An attribute gage result can be used as a continuous response, but first I would recommend that you use more than 3 platters. The recommended number of parts is 10 and the minimal number of deviations or ranges is 15 (=number of operators * number of parts), see MSA 4 p.104. If you only compare the results of 3 platters (=3 parts) for 2 testers (=2 "operators"), you only have 6 different deviations instead of at least 15. Chances are high that you won't get a good evaluation of your measurement system, because you miss some vital causes for variation or a relevant part of your process spread.

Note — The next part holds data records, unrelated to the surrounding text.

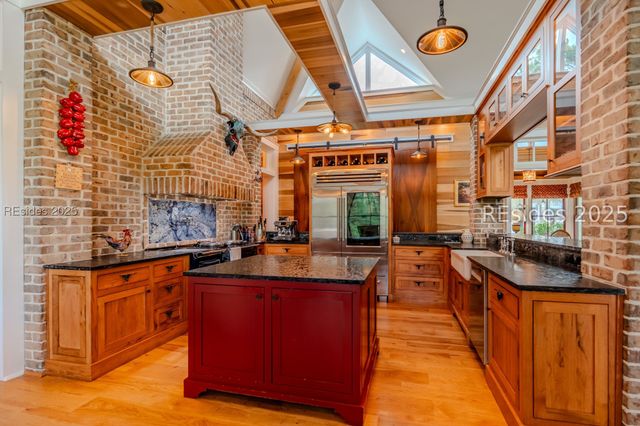 165 Golda Dr, Ridgeland, SC 29936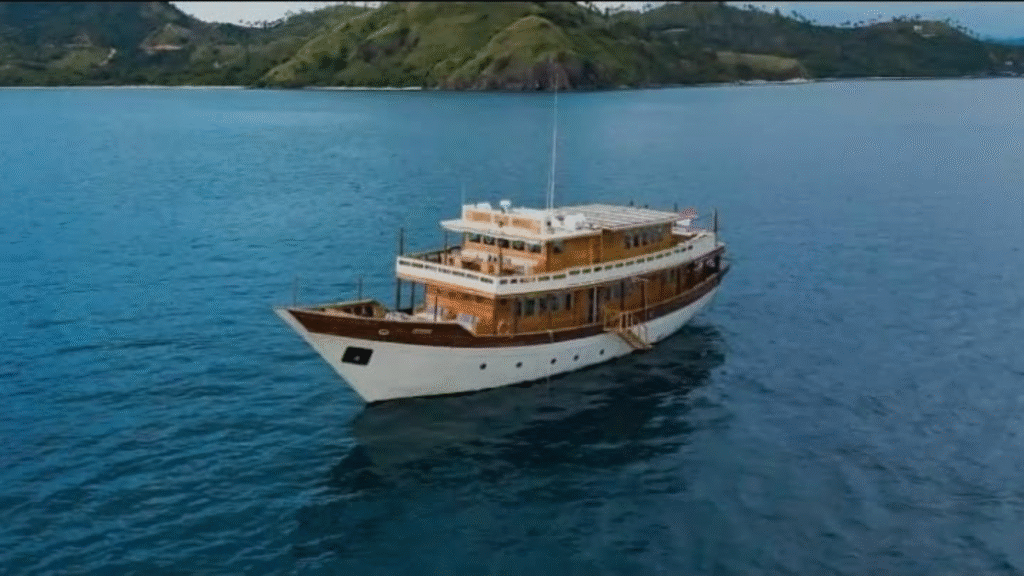 Le Costa Liveaboard: Luxury Phinisi Cruise in Komodo National Park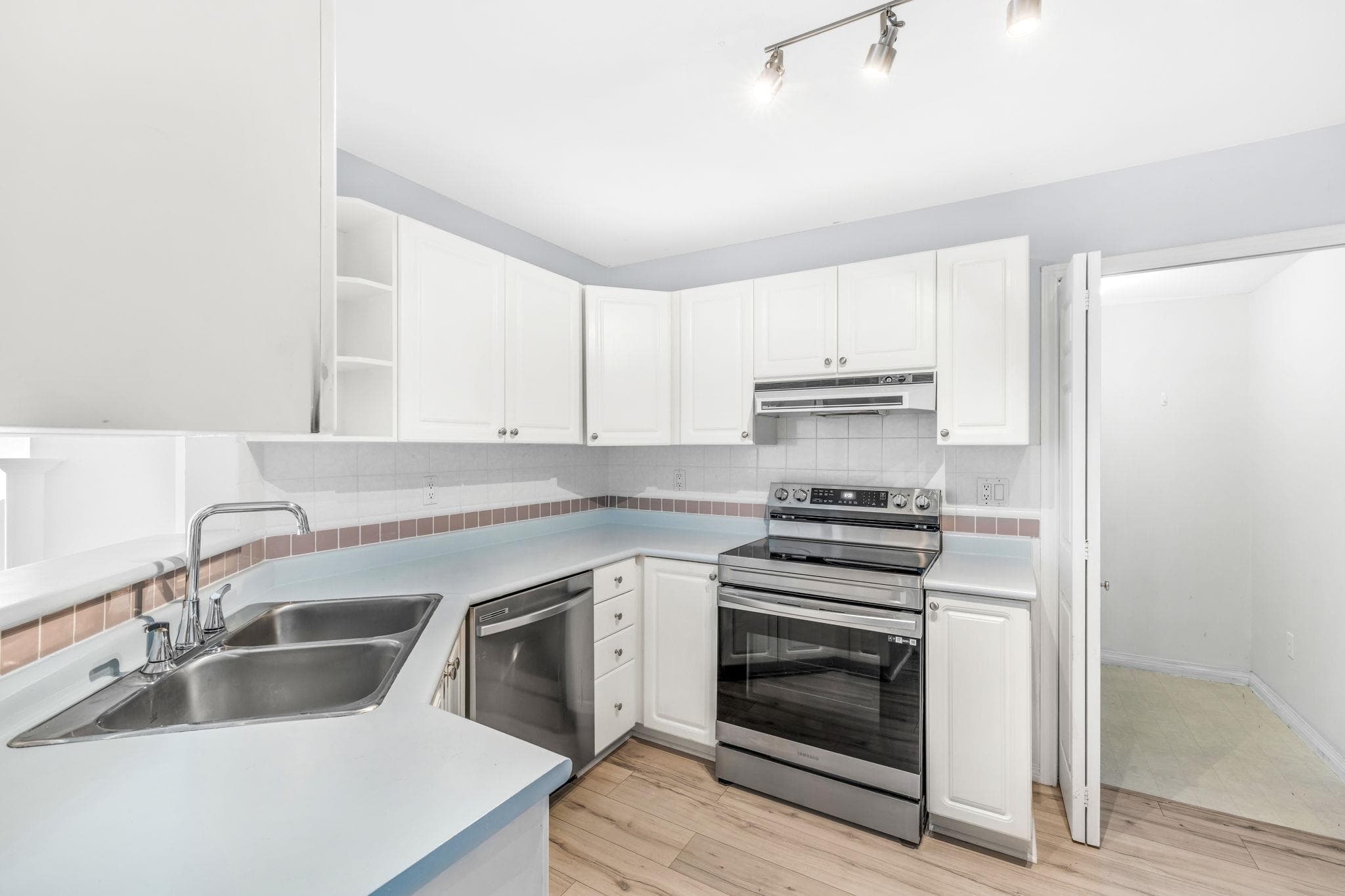 212 - 7151 121 Street, Surrey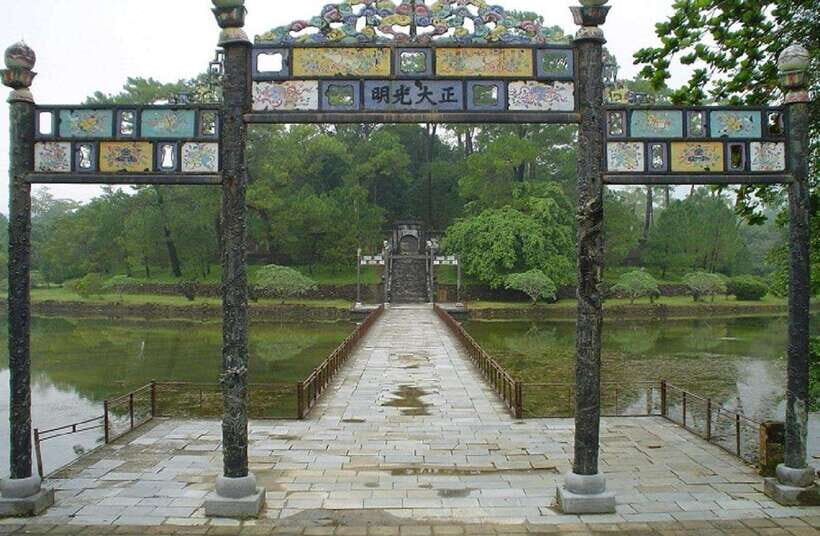 Hue: Private Dragon Boat, Pagoda, and Royal Tomb Tour - Minh Mang Tomb: the emperor who loved order (and the scenery around it)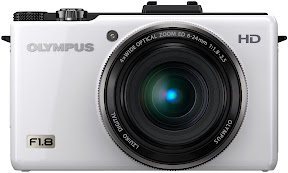 Olympus-XZ-1-White_terapixel.jpg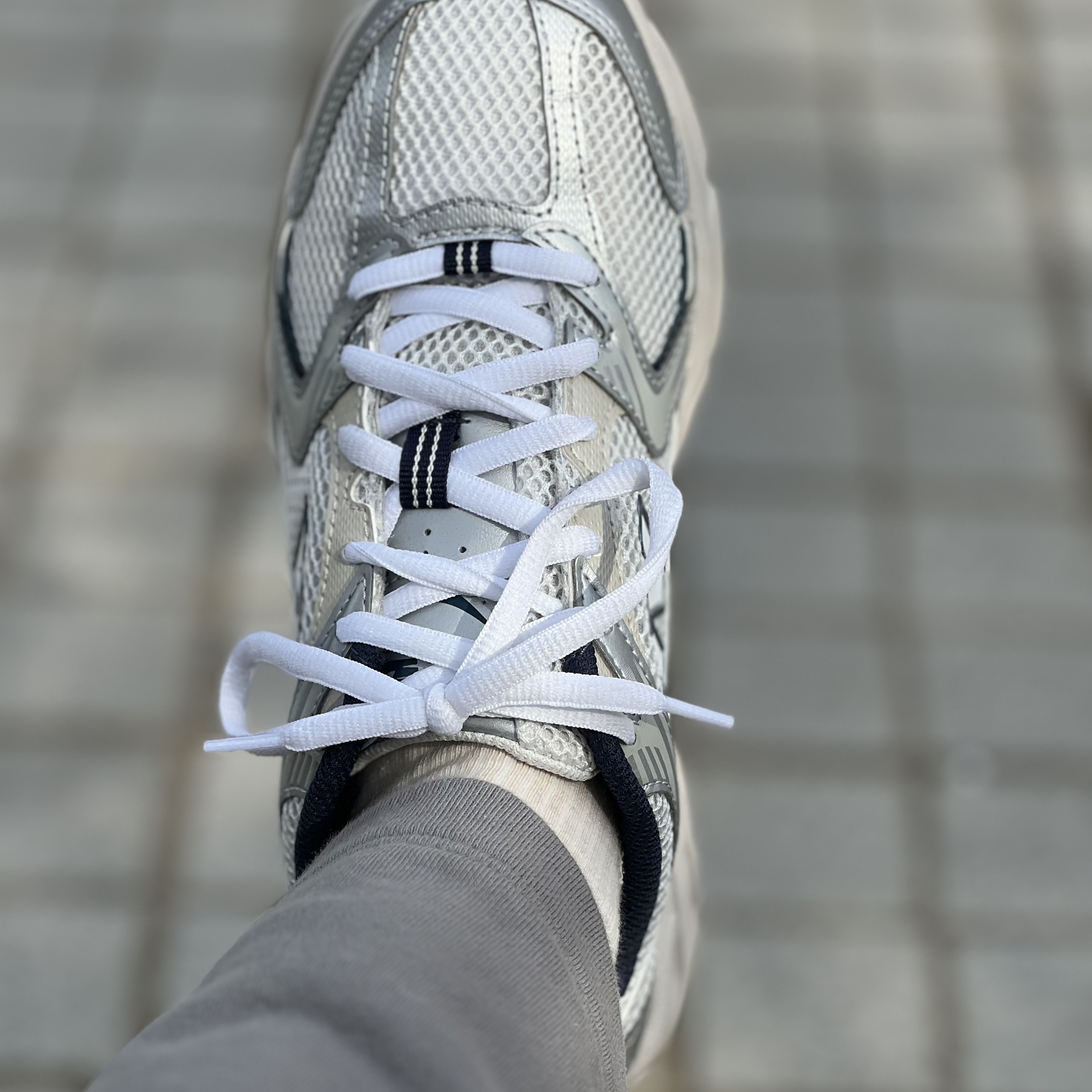 New Balance 530 Steel Grey 착용 스타일 - 2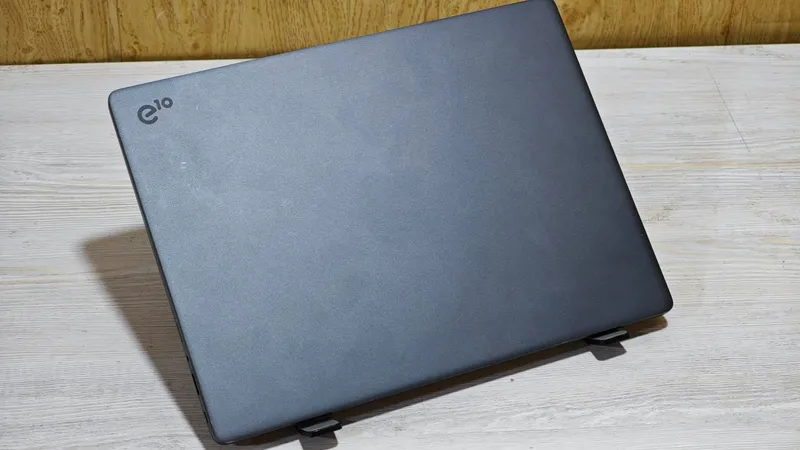 Acer G10 14 noutbuki 1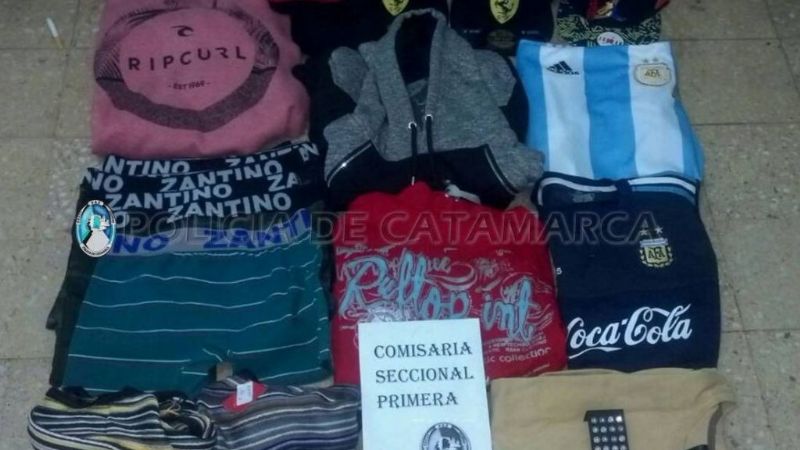 Robó prendas de vestir y lo demoraron
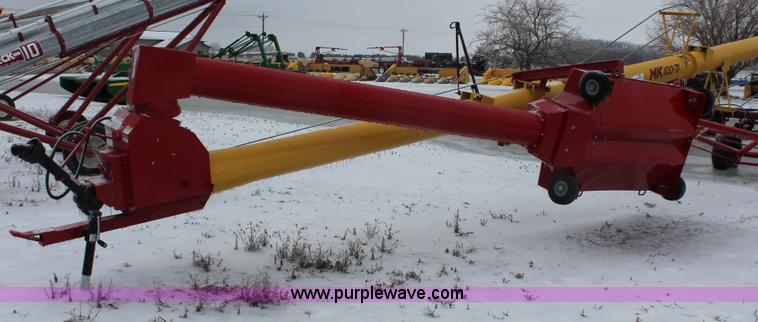 image for item H3747 Westfield MK100-71 swing away grain auger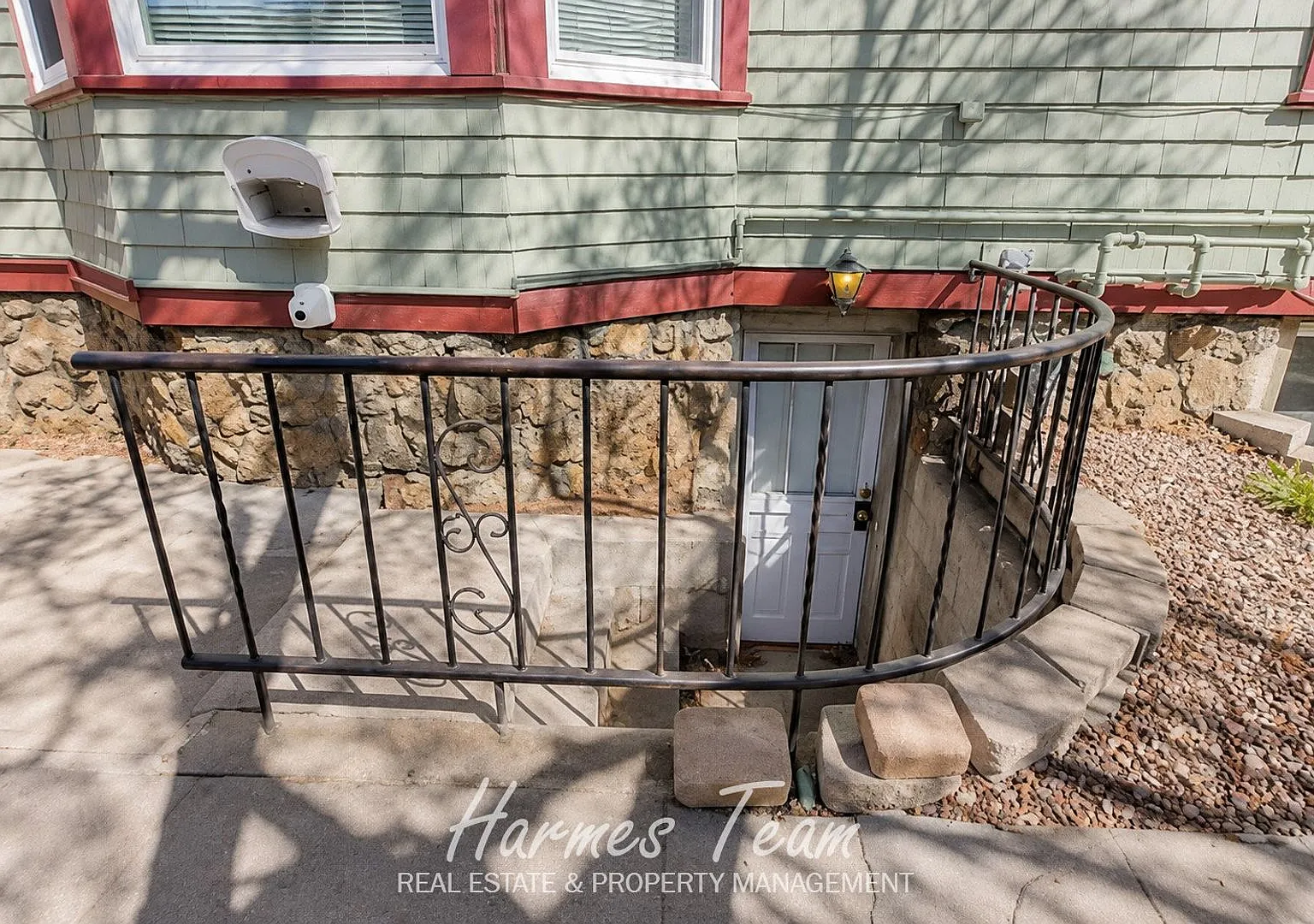 Spacious Basement Apartment with Private Entrance, Full Kitchen & In-Unit Laundry — Photo 2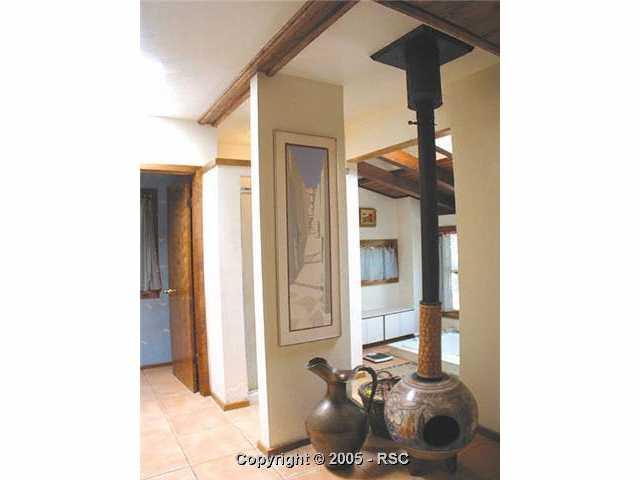 120 Cresta Road Colorado Springs, CO 80906 - Photo 10 of 16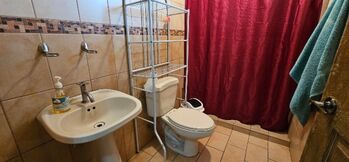 Casa impecable con uso mixto ideal para vivir o negocio en ubicación estratégica #26-1657 GS en San Rafael Abajo, Desamparados, San José — $160,000 - Foto 4 de 15
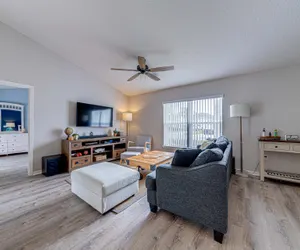 Photo 5 - Family friendly 4 bed home / quiet gated community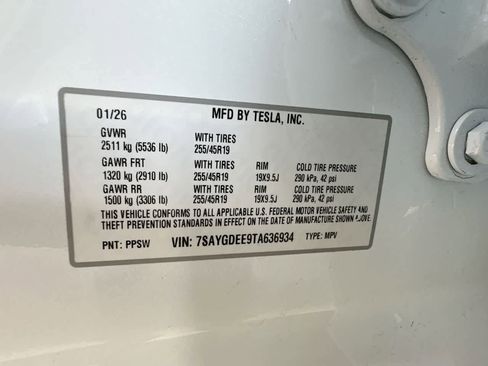 Used 2026 Tesla Model Y AWD image 29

Back to your original question: The common statistical approach for go/no-go or pass/fail results is to analyze the probability of failure instead of the proportion itself (binary logistic model). Therefore the proportions have to be transformed before the MSA/variance component calculations can be made. There are two common transformation functions for proportions p_i (e.g. p_i = proportion of tester A, platter 2, run 1):
- y_i* = ln( p_i / 1-p_i ) with ln being the natural logarithm (logit transformation)
- y_i* = arc sine ( sqrt ( p_i ) )
But if this model / approach reflects the structure within your data well should be checked (e.g. using residual analysis, goodness of fit like R², R²(adj), and so on) additionally to the usual variance component analysis which will provide percentages for measurment uncertainty (EV%, AV%, GRR%, etc.)